I just took a look at the camera and discovered I accidentally changed the wrong setting at some point - exposure compensation was at +3, which definitely explains the over exposed images. Both suggestions made are appreciated and will be implemented, thank you.


----------



## wickidwombat (Mar 18, 2013)

DCM1024 said:


> I just took a look at the camera and discovered I accidentally changed the wrong setting at some point - exposure compensation was at +3, which definitely explains the over exposed images. Both suggestions made are appreciated and will be implemented, thank you.

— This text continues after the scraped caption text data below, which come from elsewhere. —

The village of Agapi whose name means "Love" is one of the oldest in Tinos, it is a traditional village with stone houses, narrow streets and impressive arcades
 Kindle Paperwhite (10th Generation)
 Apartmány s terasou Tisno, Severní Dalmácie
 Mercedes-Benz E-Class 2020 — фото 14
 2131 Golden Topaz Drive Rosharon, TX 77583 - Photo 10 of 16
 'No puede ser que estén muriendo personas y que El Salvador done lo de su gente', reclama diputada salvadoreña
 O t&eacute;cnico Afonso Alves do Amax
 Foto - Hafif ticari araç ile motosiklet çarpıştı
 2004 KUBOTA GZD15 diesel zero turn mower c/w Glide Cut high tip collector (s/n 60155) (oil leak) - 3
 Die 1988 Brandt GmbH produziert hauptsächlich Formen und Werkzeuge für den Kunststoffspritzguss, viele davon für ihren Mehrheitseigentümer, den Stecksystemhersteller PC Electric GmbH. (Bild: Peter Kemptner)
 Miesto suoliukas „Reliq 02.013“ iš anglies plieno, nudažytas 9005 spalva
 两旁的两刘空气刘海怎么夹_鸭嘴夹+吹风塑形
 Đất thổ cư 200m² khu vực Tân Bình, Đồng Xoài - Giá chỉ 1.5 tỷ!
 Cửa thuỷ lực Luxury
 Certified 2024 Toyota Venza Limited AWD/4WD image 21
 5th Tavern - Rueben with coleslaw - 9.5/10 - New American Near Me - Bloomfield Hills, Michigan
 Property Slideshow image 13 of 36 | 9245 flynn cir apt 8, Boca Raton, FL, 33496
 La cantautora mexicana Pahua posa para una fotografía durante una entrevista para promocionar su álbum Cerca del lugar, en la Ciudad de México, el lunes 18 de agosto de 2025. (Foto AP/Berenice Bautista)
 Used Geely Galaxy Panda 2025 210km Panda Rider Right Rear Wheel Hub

EC doesnt do anything in manual mode though unless its flash EC with an on camera flash


----------



## BruinBear (Mar 18, 2013)

wickidwombat said:


> DCM1024 said:
> 
> 
> > I just took a look at the camera and discovered I accidentally changed the wrong setting at some point - exposure compensation was at +3, which definitely explains the over exposed images. Both suggestions made are appreciated and will be implemented, thank you.
> ...



I might be wrong on this but i think EC will still affect the ISO in manual if you have it set to auto ISO.


----------



## Drizzt321 (Mar 18, 2013)

BruinBear said:


> wickidwombat said:
> 
> 
> > DCM1024 said:
> ...



Yea, if you're in M with Auto-ISO it'll crank the ISO up to try and meet the +3 EV that was selected.


----------



## DCM1024 (Mar 18, 2013)

Drizzt321 said:


> BruinBear said:
> 
> 
> > wickidwombat said:
> ...



I was in Auto-ISO, and just obviously stopped paying attention to what I was doing. I wasn't checking the lcd screen either, and didn't realize I had an issue until I got home. On the other hand, for the first time in two years I got my boyfriend out of program mode and using a lens other than the 24-105. He is _very_ stubborn.


----------



## wickidwombat (Mar 18, 2013)

BruinBear said:


> wickidwombat said:
> 
> 
> > DCM1024 said:
> ...



no it doesn't unfortunately THAT would be good if it did though


----------